The company head said that data has increased three-fold over the past year, with a petabyte of data passing through the network during February.
“We’ve gone through a petabyte of data in the blink of an eye. Since February last year, we’ve seen a three-times increase in volume of data on the network,” Pienaar said.
On Wednesday, MTN reported a 7.7% rise in revenue for its South African operation, for the year ended December 2011, to R38.6 billion rand – due to strong growth in data revenue, which was up 27.7% (excluding SMSes).
Data, including SMS, now accounts for 21.4% of revenue in SA – up from 19% in 2010, and 14.8% in 2009. Data excluding SMS accounts for 12% of revenue, it said.
When asked what its capex for SA was expected to be in 2012, Pienaar said: “It’s the amount of capex we can get into the ground and the speed at which we can do it. It’s never as fast we would like, but we are ahead of the hump.

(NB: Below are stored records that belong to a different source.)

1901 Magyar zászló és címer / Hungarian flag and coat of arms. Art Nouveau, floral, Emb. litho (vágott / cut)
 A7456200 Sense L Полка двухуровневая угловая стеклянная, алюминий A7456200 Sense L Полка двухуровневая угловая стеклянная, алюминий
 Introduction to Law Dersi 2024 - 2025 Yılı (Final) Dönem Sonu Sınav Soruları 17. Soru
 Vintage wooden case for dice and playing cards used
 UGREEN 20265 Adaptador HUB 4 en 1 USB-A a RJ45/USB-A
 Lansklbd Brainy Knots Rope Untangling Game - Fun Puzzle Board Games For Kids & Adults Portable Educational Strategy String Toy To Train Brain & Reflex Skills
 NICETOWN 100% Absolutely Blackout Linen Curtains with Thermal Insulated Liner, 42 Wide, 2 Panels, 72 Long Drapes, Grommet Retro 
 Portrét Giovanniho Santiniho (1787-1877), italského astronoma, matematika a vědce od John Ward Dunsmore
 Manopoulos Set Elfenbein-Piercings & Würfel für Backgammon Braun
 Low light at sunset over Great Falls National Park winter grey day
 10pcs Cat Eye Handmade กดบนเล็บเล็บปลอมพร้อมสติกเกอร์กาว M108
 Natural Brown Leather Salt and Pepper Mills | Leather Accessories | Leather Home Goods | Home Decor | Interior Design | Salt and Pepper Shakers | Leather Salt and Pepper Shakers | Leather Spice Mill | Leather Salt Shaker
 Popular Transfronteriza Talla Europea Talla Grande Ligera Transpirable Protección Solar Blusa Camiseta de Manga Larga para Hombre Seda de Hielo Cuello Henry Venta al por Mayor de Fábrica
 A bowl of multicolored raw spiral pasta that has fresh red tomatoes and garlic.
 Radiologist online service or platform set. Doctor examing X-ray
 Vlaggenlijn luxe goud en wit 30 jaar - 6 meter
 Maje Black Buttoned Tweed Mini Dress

“All we are worried about now is spectrum. This growth (data) we can handle still, we are not hitting headroom.”
The total group capital expenditure guidance for 2012 is R24.401 billion.
The MD said that the group’s ambition was to “see everybody have a data connection” by 2020. “The challenge of this though, is that this growth is faster than we expected.
“The one thing that is limiting us now is spectrum. We are the most efficient utilizers of spectrum, by far, in the country. The problem now with the growth is that more spectrum is needed. If it gets withheld, or the rules are not well-defined, then you have a problem,” Pienaar said.
The Independent Communications Authority of South Africa (Icasa) announced on March 5, 2012, that it had postponed the licensing of high demand spectrum until further notice.
“I need clarity on how we are going to get more spectrum. I don’t need spectrum immediately – because I don’t want to provide cheaper, better quality faster services to customers today, too aggressively, if I can’t be assured that there is more coming,” Pienaar said.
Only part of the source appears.